Is there a way I can write a larger sized csv?

Yes, the reader and writer iterator style should be able to read any length of file, they step through incrementally, and at no stage do they attempt to read the whole file. Something else is going wrong in your example.

Is there a way to dump in the large tab-delimited .txt file to Big Query in chunks as different csv's?

You shouldn't need to.

Can I dump 35 csv's into Big Query in one upload?

That's more a Big Query api question, so I wont attempt to answer that here.

In your code, your text delimiter is set to a pipe, but in your question number 2, you describe it as being tab delimited. If you're giving the wrong delimiter to the code, it might try to read more content into a field than it's expecting, and fail when it hits some field-size limit. This sounds like it might be what's going on in your case.

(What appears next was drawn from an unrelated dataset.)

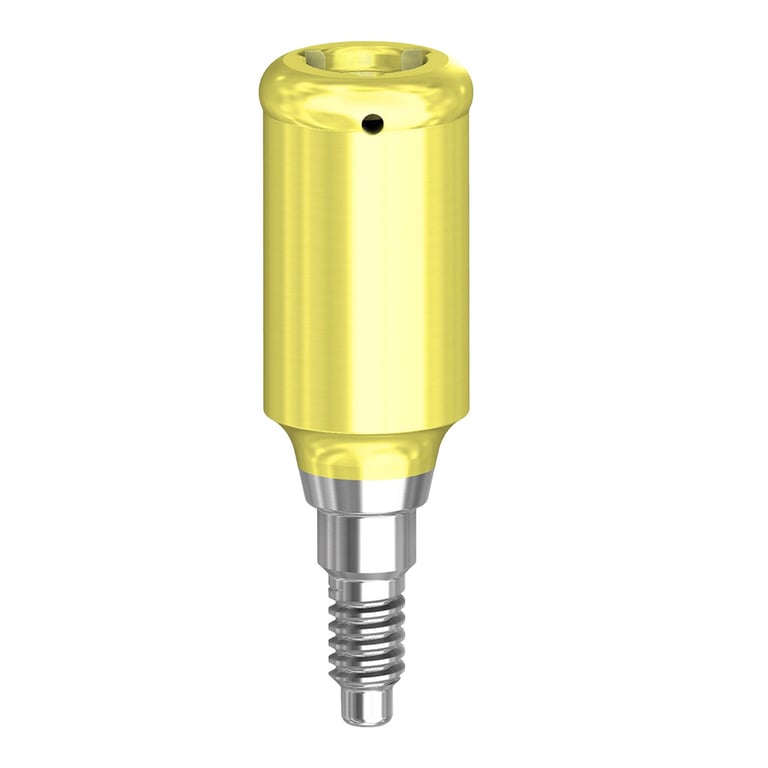 PreatLoc ZrN-Coated 3.0mm Overdenture Attachment Abutment, 6.0mm, Nobel Active Conical Compatible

Also, watch out when piping your file out and changing delimiters - in the data sample you post, there are some commas embedded in the text, this might result in a corrupted file when it comes to reading it in again on the other side. Take some time to think about your target CSV dialect, in terms of text quoting, chosen delimiters etc.

Try replacing the | with \t and see if that helps.

If you're only changing the delimiter from one thing to another, is that a useful process? Maybe forget the whole CSV nature of the file, and read lines iteratively, and write them without modifying them any, you could use readline and writeline for this, probably speeding things up in the process. Again, because they're iterative, you wont have to worry about loading the whole file into RAM, and just stream from one source to your target. Beware how long it might take to do this, and if you've a patchy network, it can all go horribly wrong. But at least it's a different error!